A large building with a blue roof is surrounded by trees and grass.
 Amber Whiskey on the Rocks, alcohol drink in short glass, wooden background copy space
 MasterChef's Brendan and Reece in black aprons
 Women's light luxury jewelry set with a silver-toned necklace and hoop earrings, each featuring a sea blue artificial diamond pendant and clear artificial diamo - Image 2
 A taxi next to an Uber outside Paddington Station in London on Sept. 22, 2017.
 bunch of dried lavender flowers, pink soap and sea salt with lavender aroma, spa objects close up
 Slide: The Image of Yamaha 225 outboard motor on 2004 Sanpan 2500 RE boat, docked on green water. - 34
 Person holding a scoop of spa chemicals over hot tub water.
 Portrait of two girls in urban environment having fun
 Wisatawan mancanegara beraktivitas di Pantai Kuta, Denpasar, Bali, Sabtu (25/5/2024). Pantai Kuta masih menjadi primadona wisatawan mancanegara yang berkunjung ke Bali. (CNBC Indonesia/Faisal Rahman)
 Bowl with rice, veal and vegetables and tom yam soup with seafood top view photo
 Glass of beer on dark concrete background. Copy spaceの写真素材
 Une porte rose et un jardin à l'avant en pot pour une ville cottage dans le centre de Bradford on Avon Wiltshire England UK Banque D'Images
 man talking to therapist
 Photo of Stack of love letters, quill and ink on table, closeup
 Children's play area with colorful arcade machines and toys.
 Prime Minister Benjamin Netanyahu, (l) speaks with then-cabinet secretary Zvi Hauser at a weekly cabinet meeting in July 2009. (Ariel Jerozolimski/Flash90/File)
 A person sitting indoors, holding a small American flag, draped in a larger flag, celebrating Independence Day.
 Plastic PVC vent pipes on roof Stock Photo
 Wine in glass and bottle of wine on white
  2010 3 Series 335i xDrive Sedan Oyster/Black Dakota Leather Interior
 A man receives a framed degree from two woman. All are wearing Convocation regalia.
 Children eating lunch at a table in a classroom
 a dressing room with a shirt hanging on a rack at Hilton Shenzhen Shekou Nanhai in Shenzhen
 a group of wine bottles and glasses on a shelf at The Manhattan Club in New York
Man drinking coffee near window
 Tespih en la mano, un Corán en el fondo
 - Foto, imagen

What the exercise asks: Every line containing the word "with" must be copied from the material above.

Solution to the exercise:
A large building with a blue roof is surrounded by trees and grass.
 Women's light luxury jewelry set with a silver-toned necklace and hoop earrings, each featuring a sea blue artificial diamond pendant and clear artificial diamo - Image 2
 bunch of dried lavender flowers, pink soap and sea salt with lavender aroma, spa objects close up
 Bowl with rice, veal and vegetables and tom yam soup with seafood top view photo
 Children's play area with colorful arcade machines and toys.
 Prime Minister Benjamin Netanyahu, (l) speaks with then-cabinet secretary Zvi Hauser at a weekly cabinet meeting in July 2009. (Ariel Jerozolimski/Flash90/File)
 a dressing room with a shirt hanging on a rack at Hilton Shenzhen Shekou Nanhai in Shenzhen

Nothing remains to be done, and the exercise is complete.